L’année 2018 se terminera avec le Bye Bye, cette liturgie médiatique, miroir plus ou moins déformé de ce que nous devenons collectivement.




Cette cérémonie des adieux à l’année qui s’éteint est la démonstration la plus éclatante et troublante de notre sens grégaire. En effet, quiconque n’est pas de souche peut difficilement décoder ce « party du jour de l’An » qui réunissait jadis les « habitants » dans nos campagnes aujourd’hui envahies par les urbains en mal de vastitude.




Le Bye Bye, c’est la famille reconstituée au grand complet. C’est une réalité cathodique où nos complexes, nos faiblesses, nos mesquineries, mais aussi notre humour, notre irrespect, nos blessures secrètes et nos plaisirs toujours coupables sont révélés dans un concentré plus ou moins heureux selon les années.




On nous servira des clichés, mais on pourra mettre en scène nos psychodrames collectifs. Ce grand défoulement est sans doute inspiré plus ou moins inconsciemment du sacrement exceptionnel qu’est la confession.




Culpabilité maudite




Il faut entrer dans les églises pour découvrir les confessionnaux, des antres sombres où l’on avouait ses péchés avant de sortir l’âme allégée de la culpabilité maudite, ce trait culturel qui a perduré après la mise au rancart de l’Église.




De nos jours, les Québécois ne sont plus pardonnés de leurs péchés. Au contraire. Certains malins — cela inclut Couillard, Trudeau et des supporters néo-québécois — les accusent plus ou moins ouvertement d’intolérance et autres étiquettes se terminant en « phobe ».




Or, malgré les apparences, les Québécois sont démunis devant ces clichés accablants. La culpabilité remonte et il n’y a personne pour leur donner l’absolution.




Le Bye Bye est le rassemblement francophone le plus représentatif du Québec. En Floride, les « snowbirds » milliardaires et ceux de condition plus modeste repliés dans des terrains pour maisons mobiles sont tous devant leur écran après avoir fait bombance le 31 au soir. Bouder le Bye Bye est un crime de lèse-québécitude.




Éclatement social




Car les Québécois s’ajustent mal à l’éclatement social dans lequel les enferme la technologie actuelle. Ils s’ennuient des rassemblements familiaux d’antan, et quant à leurs enfants lors des partys, citoyens du monde, narcissiques, affranchis du passé et ricanant de la devise encore inscrite sur les plaques d’immatriculation, ces sauteries leur sont étrangères.
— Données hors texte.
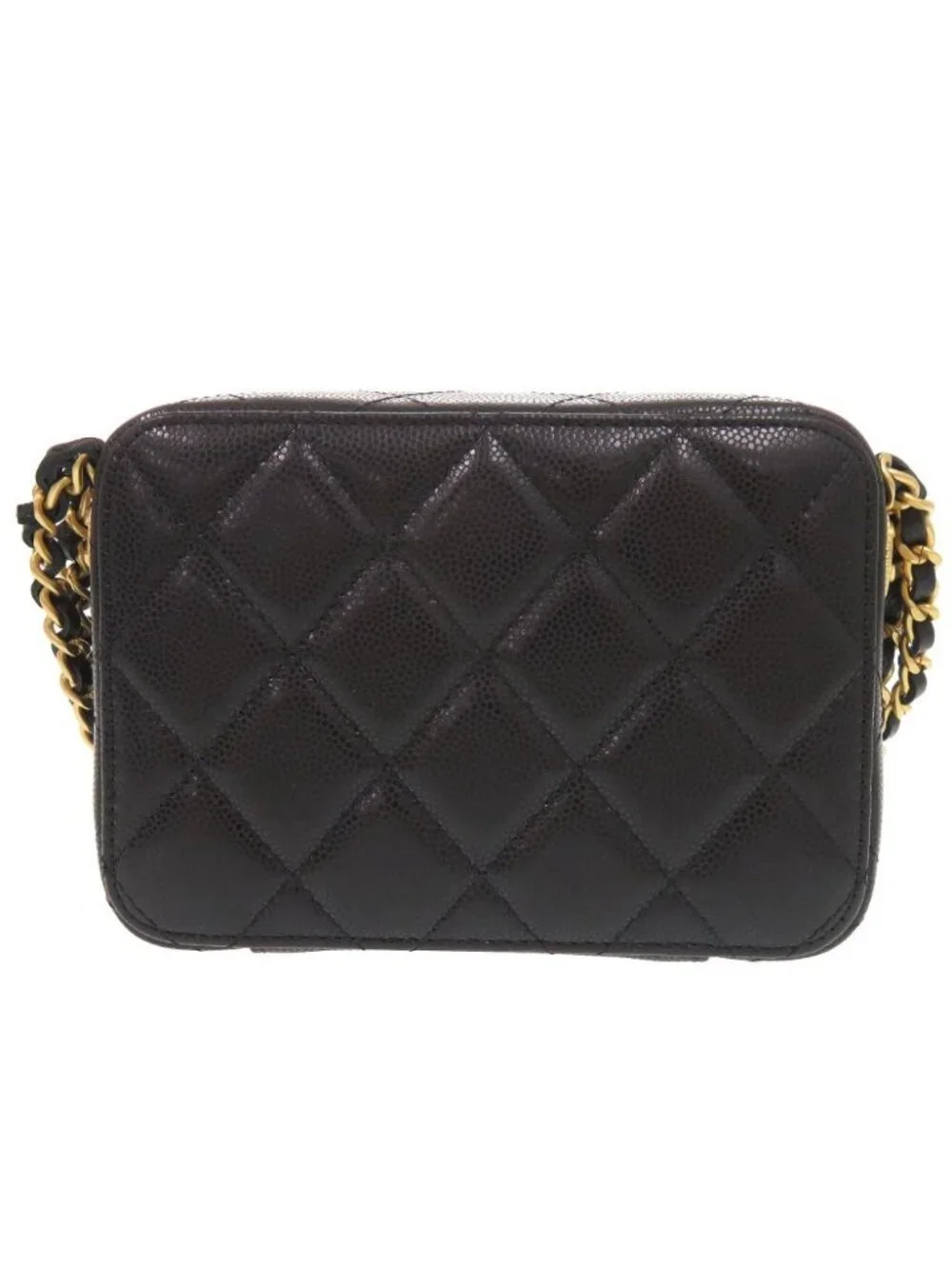 Chanel CC Logo Quilted Mini Camera Bag Caviar Leather Black Gold Chain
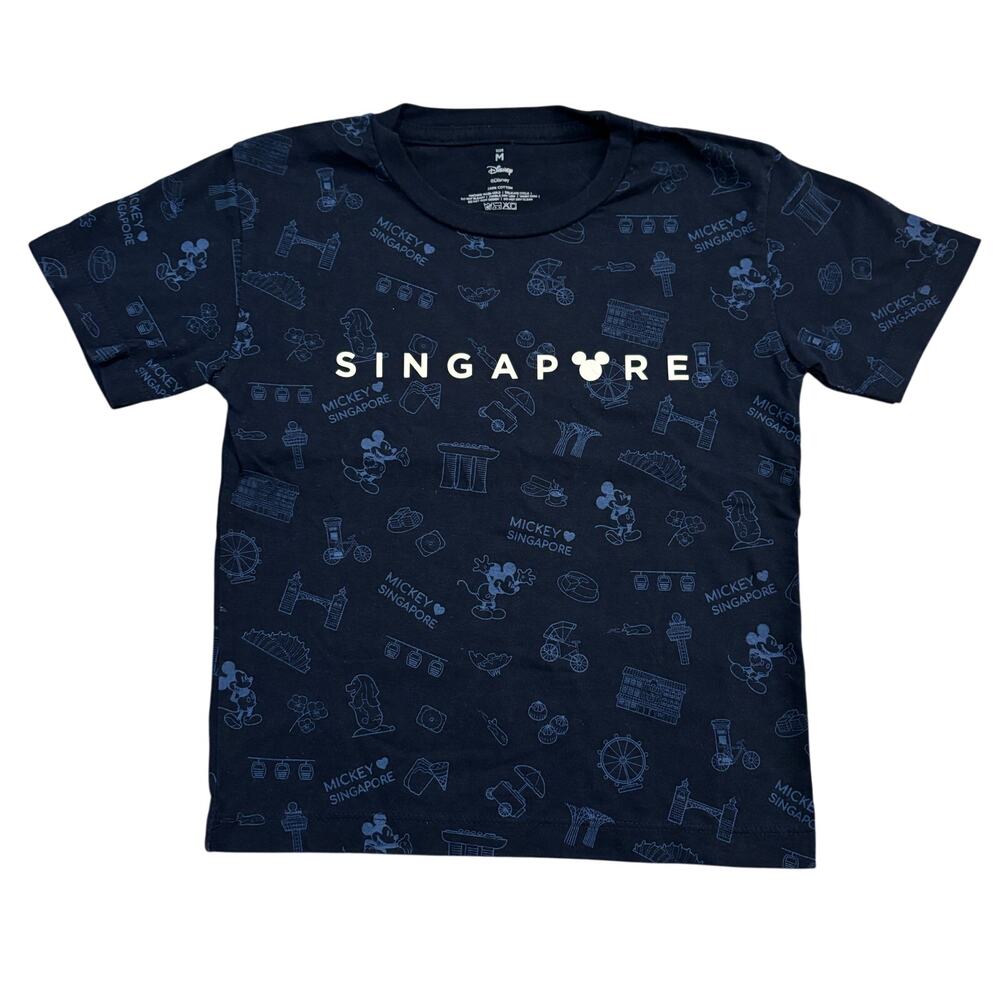 Disney Mickey Mouse Singapore Graphic T-Shirt - Kids Medium Dark Navy Blue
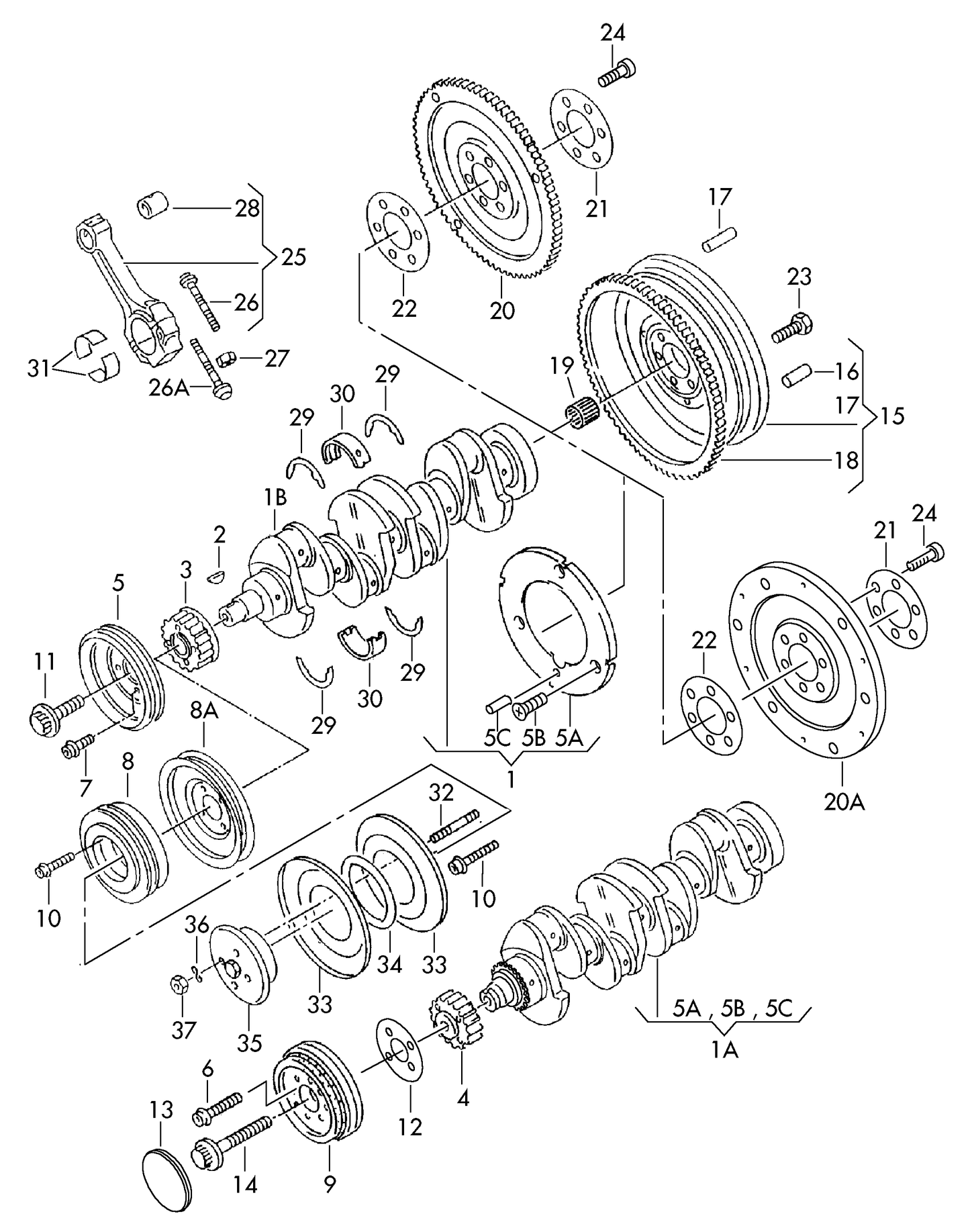 87200600 KS Original Set of 8 STD Big end bearing set T4 1.8/2.0 PD,AAC/T4 2.4/2.5 AAF/ACU (10 needed)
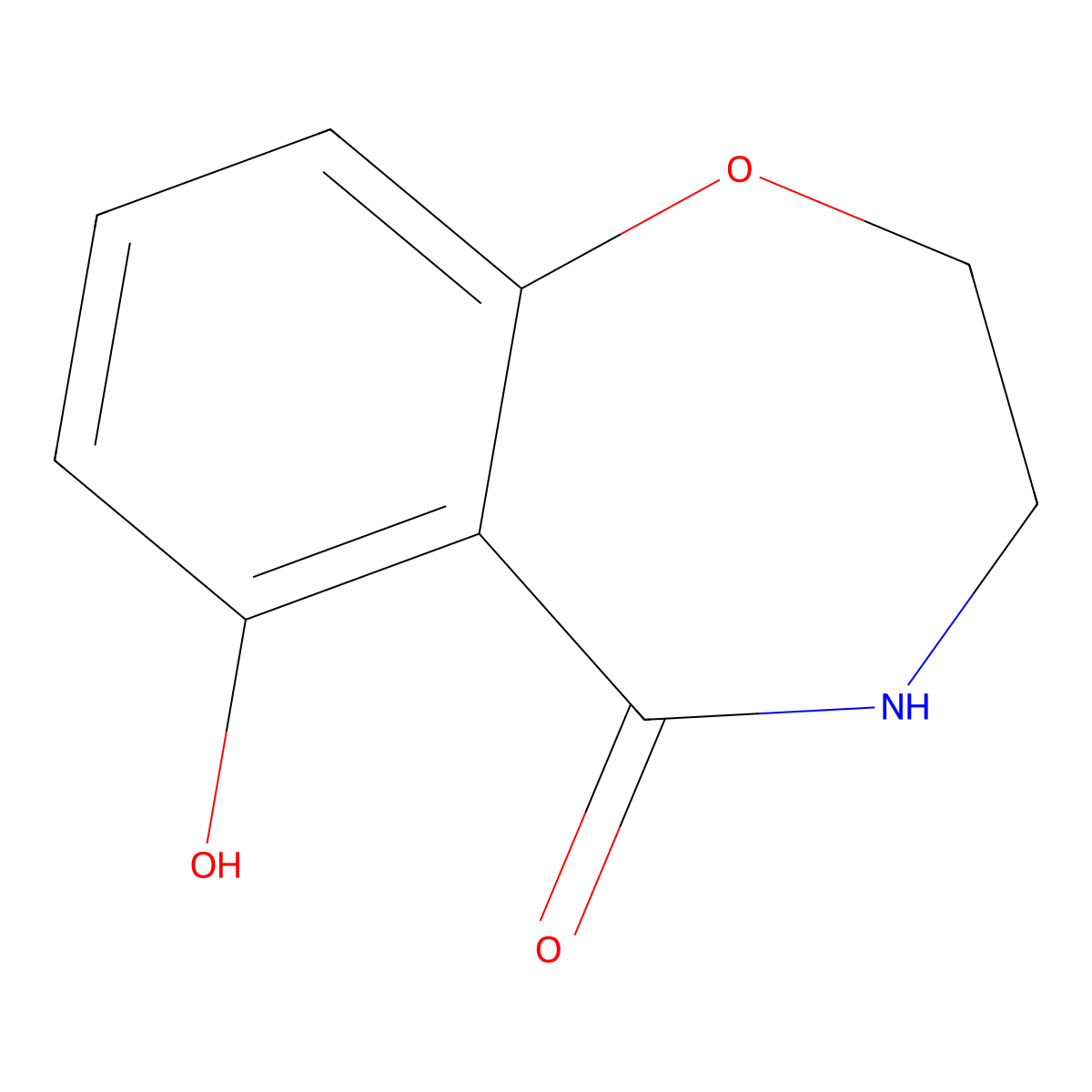 6-hydroxy-3,4-dihydro-2H-1,4-benzoxazepin-5-one molecular structure, CAS 2159122-37-7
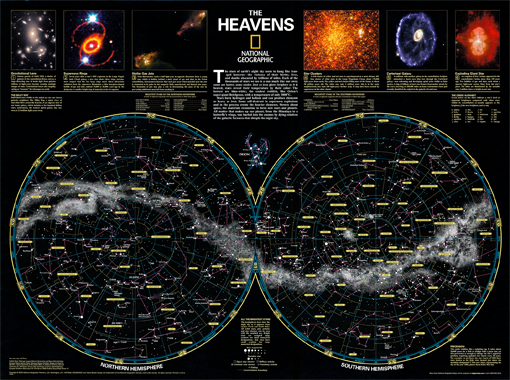 Nástěnná mapa hvězdné oblohy The Heavens 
Les Québécois de 2018 sont moins à la mode, moins « tendance » que le laissent croire les antennes branchées de l’espace médiatique. Ils ont gardé au fond d’eux-mêmes une nostalgie qui surgit en cette période des Fêtes.




Ils vivent avec un manque non pas à gagner, mais à espérer. Ils cherchent non pas une direction, mais un sens à leur vie effrénée. Celle-là même qui a motivé les gens à s’engouffrer dans les centres commerciaux le 26 décembre. Ils sont à la recherche non pas d’aubaines plus ou moins bidon, mais de rêves dont ils arrivent mal à définir les contours.




N’est-ce pas ce que l’on appelle le mal de l’âme qu’aucun billet de banque ne peut adoucir ? Le ciel est une expression désuète pour décrire l’angoisse existentielle qui ombrage ce siècle.